In the late 80s, the organisation was taken-on by Steve Heap and his enterprise Mrs Casey Music.

“He had a new plan and was looking at bringing in more diversity at the show ground,” recalls Derek. “Up until now, groups would perform throughout the week, so there was a move to having groups coming for a shorter time and more music concerts.”

In 2004, the festival’s half-century anniversary, Mrs Casey Music retired. The festival had become so popular, conversely, it meant that there was a greater financial risk due to the open air show ground.

A vacuum presented itself and the future of the festival was in jeopardy, yet, such was the love for the festival, a vast number of performers and revellers vowed to return to Sidmouth and play and listen to music, regardless. But the void was quickly filled, with Derek chairing a steering group which saw folk enthusiasts uniting with a common goal of preserving the festival’s longevity into its Diamond decade.

The festival ceased to be help at Knowle and instead continued at its other established locations including the Bulverton Marquee plotted on the hillside, with Blackmore Gardens established as the dance venue, with craft and children’s marquees too.

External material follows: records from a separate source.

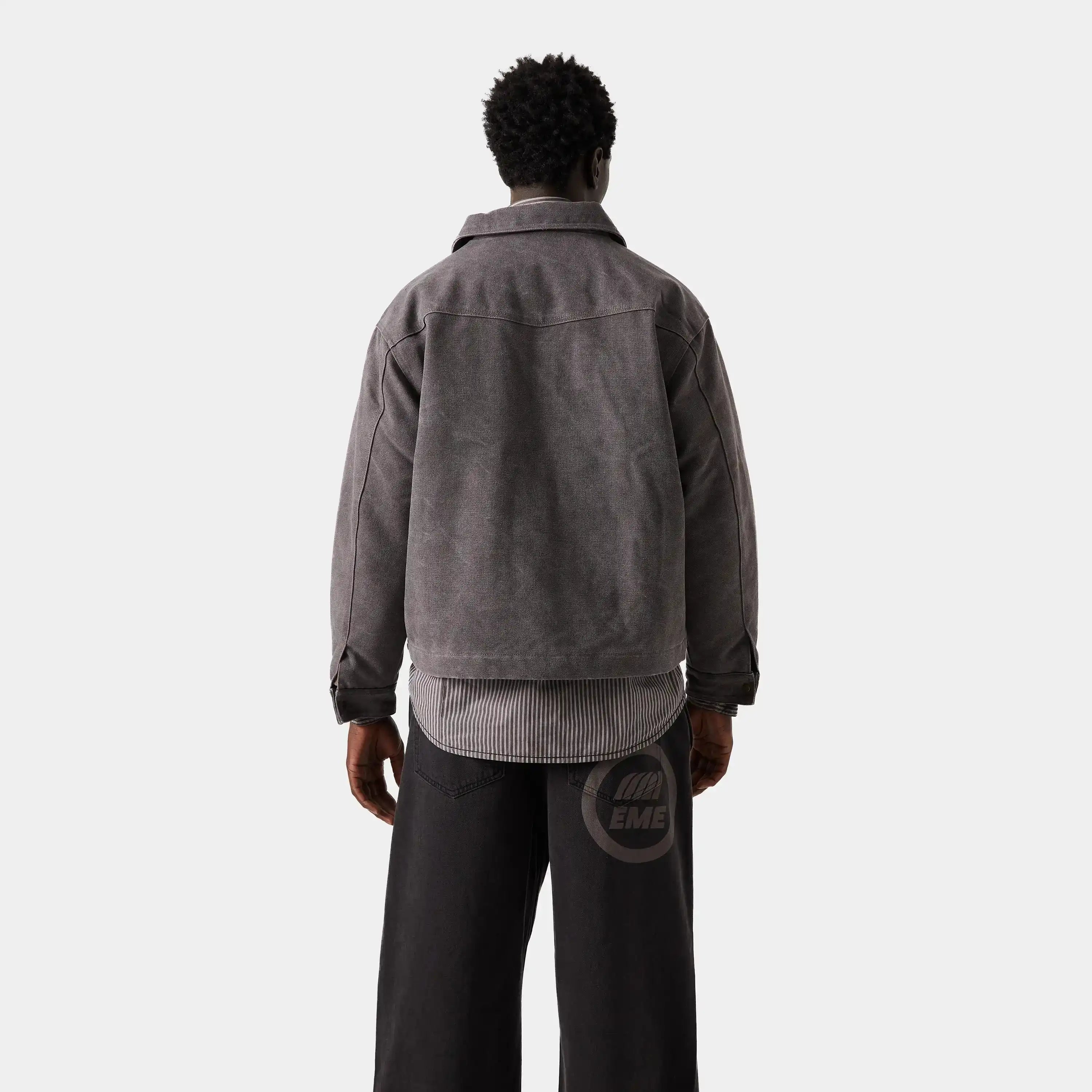 Eme Studios Wake Straight Jacket Pepper Corn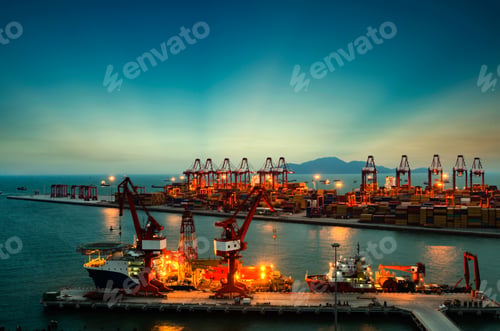 Preview: Container terminal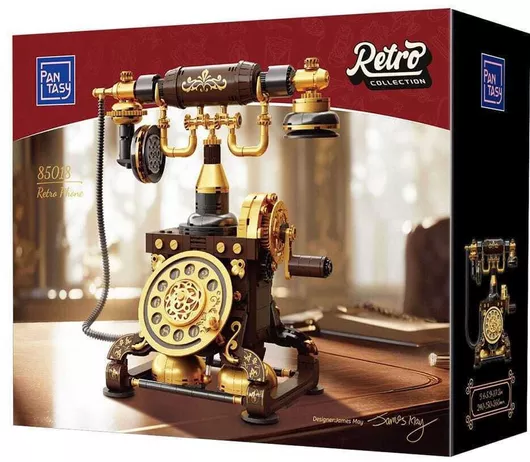 Pantasy Τουβλάκια Retro Phone για 6+ Ετών 766τμχ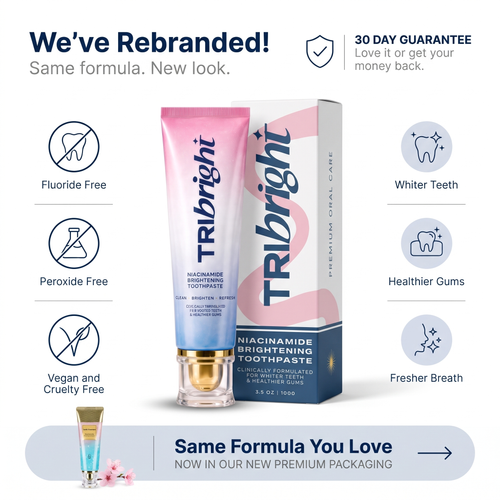 Niacinamide Whitening Toothpaste - TriBright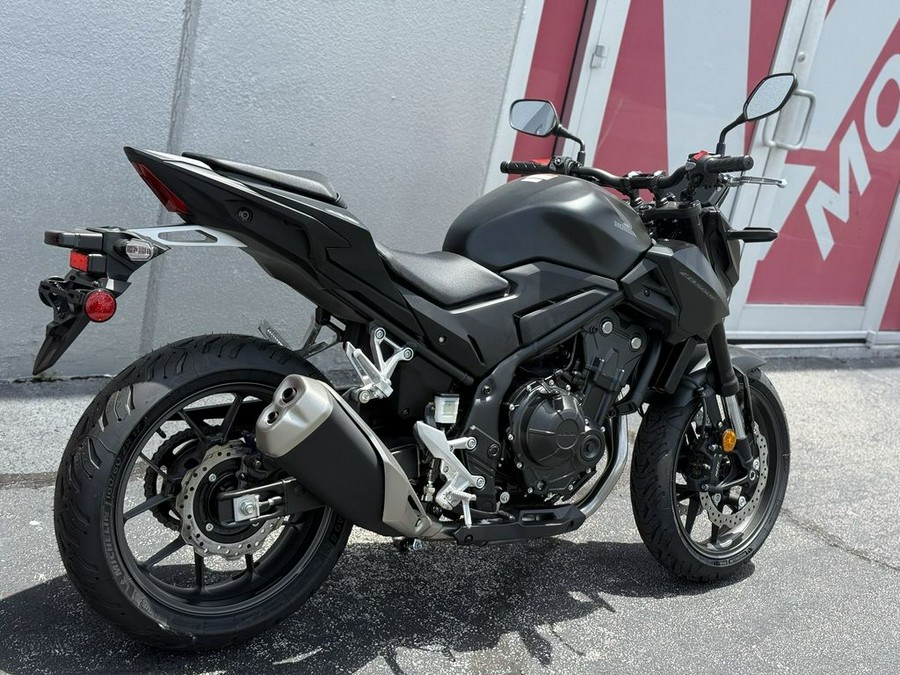 2025 Honda® Cb500F - 100560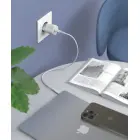 Choetech PD5007 USB-C PD 30W GaN wall charger - white Фото num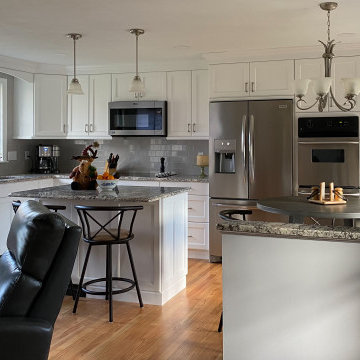 Open Floor Kitchen Remodel, Glastonbury, CT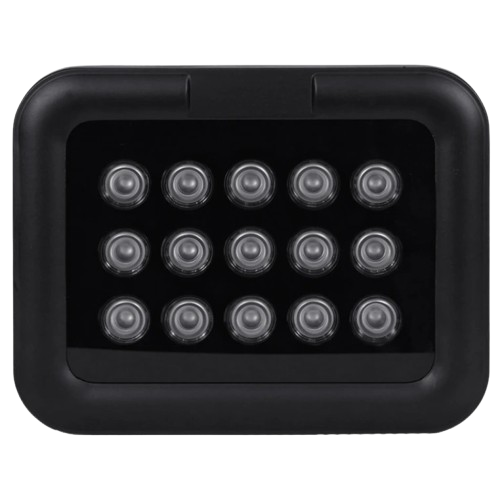 Прожектор инфракрасный Light Vision VLC-1512IR 60° с длиной волны 850 нм IP66 и подстветкой до 80 м Черный (29079671)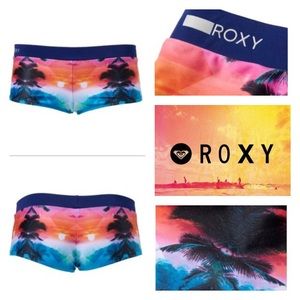 Roxy Endless☀️ Sunny☀️ Daze Shorty Bikini Bottoms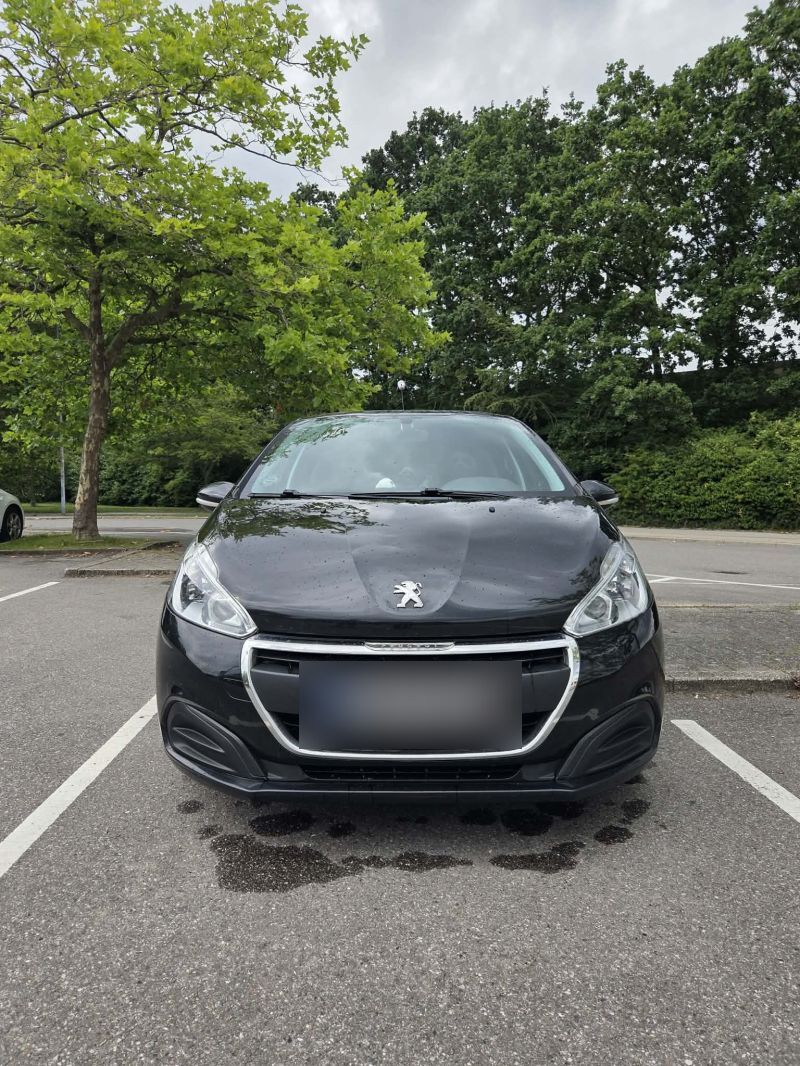 PEUGEOT, 208, 1.6 BlueHDI 100 hk 5D Skrotbil skrotpræmie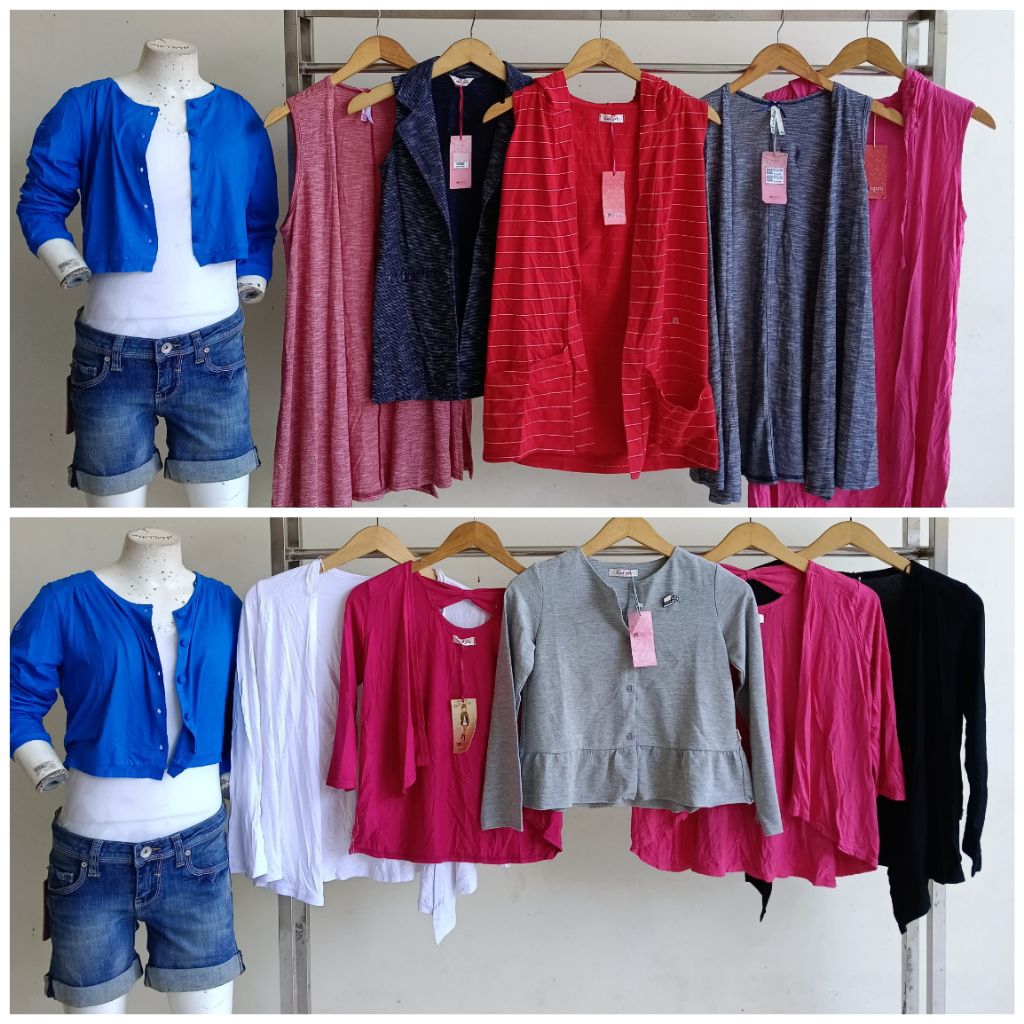 Cardigan Anak Exit Girls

“The town itself is a very attractive place,” Derek adds. “It’s a lovely seaside town without the trappings of a modern resort, there’s no candy floss or fun fair, and hugged by the cliffs at either end, with a town centre that funnels towards the beach,” who tells me that everyone in the folk world has heard about Sidmouth.

“It has such a good reputation,” he adds. “It’s always been at the forefront of the folk music scene and people want to be there. Performers and visitors who were teenagers or in their 20s when the festival first started are still coming back today, but you still have a very large young crowd. It’s a very intergenerational festival.”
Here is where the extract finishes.